Thoroughly investigate the organisation’s approach to: data integrity; infrastructure security; data encryption; location of data; and back-up methods and routines.
Reliance on 3rd-party supply chain
Do they own their own data centre? This is a key advantage, as it means everything is within their control, offering maximum flexibility and responsiveness. There are also fewer links in the chain to break. Beware the ‘white label’ – some cloud operators offer a comprehensive service from a single source which in reality is a stable of services offered from multiple sources delivered under a single contract. While this provides a single point of contact, your partner is reliant on others in order to deliver its service to you. How comfortable would that feel? By contrast, a simple and shallow supply chain usually offers the lowest risk and greatest flexibility.

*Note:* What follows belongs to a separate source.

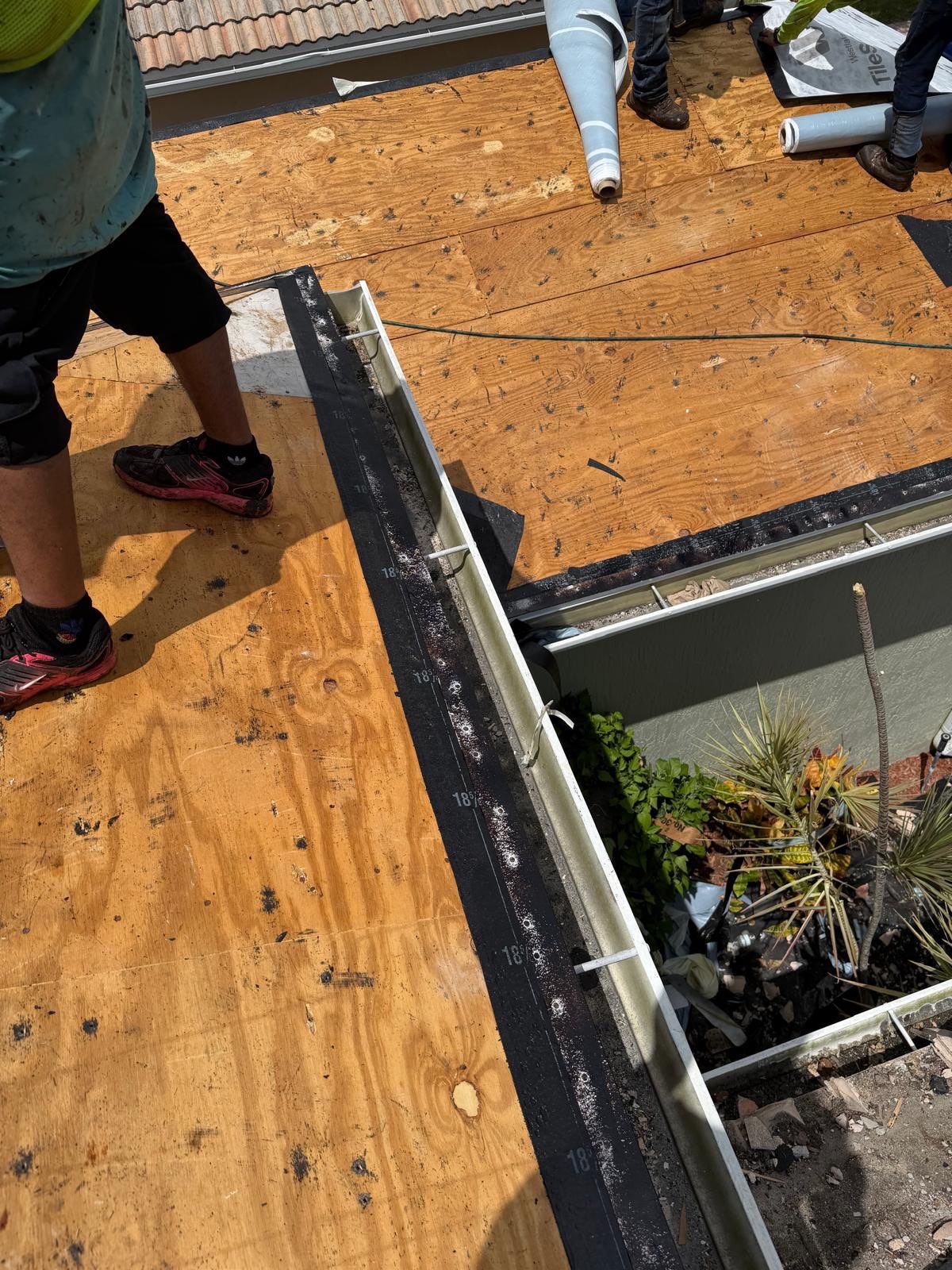 Tile Roof Replacement and Sheathing Repair in Boynton Beach by Aastro Roofing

Where do the services actually sit, and how are they operated? Don’t be afraid to ask searching questions; as a minimum, expect to see highly robust DR policies and procedures, with evidence of external validation through accreditation and testing, and check the supplier lock-in period.

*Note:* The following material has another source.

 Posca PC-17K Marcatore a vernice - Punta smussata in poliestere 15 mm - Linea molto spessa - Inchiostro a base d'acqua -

Establish beyond doubt the most feasible and cost effective methods of exporting and managing your data when in the cloud. If you need to extract your data at short notice, how will that happen and at what cost? Crucially, have they invested in implementing a culture of rigorous data security?
Return on investment
Select a partner who understands the housing sector and is more likely to be able to work with you to build the business case for investment, to describe the business impact and value of deployment via the cloud.
Take time to understand the provider’s staff structure. Who will you be dealing with? Establish who’s in charge of which areas. Question the organisation’s approach to working efficiently; how closely do they deliver according to established best practice in data centre operations? This is likely to be an indicator of how they react during the course of the partnership.
The cloud is growing in popularity. It offers clear benefits – so be open-minded to take advantage. It comes with risks – which can be mitigated. Therefore, identify the right cloud service to go with at the outset. Crucially, pick the right partner, go and see the facilities for yourself, and if you need to – take advice.
Kevin Doran is CTO of Sovereign Business Integration Group.